Segment Open

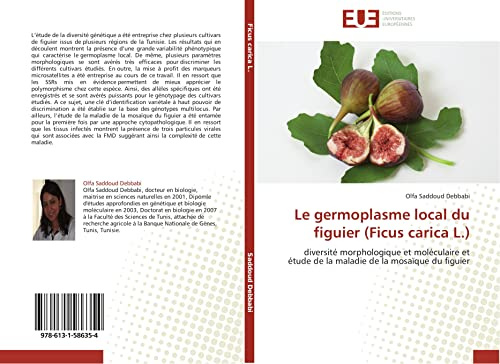 Le germoplasme local du figuier (Ficus carica L.): diversité morphologique et moléculaire et étude de la maladie de la mosaïque du figuier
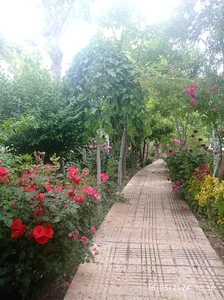 باغ صفار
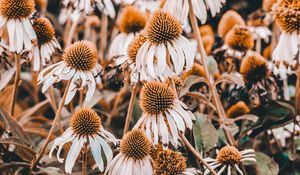 Preview wallpaper echinacea, flowers, flowerbed, plants, flowering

Segment Closed

* REQUIRED WORK
Reproduce the preceding material exactly, skipping pictures.

* EXPECTED ANSWER
 Le germoplasme local du figuier (Ficus carica L.): diversité morphologique et moléculaire et étude de la maladie de la mosaïque du figuier
 باغ صفار
 Preview wallpaper echinacea, flowers, flowerbed, plants, flowering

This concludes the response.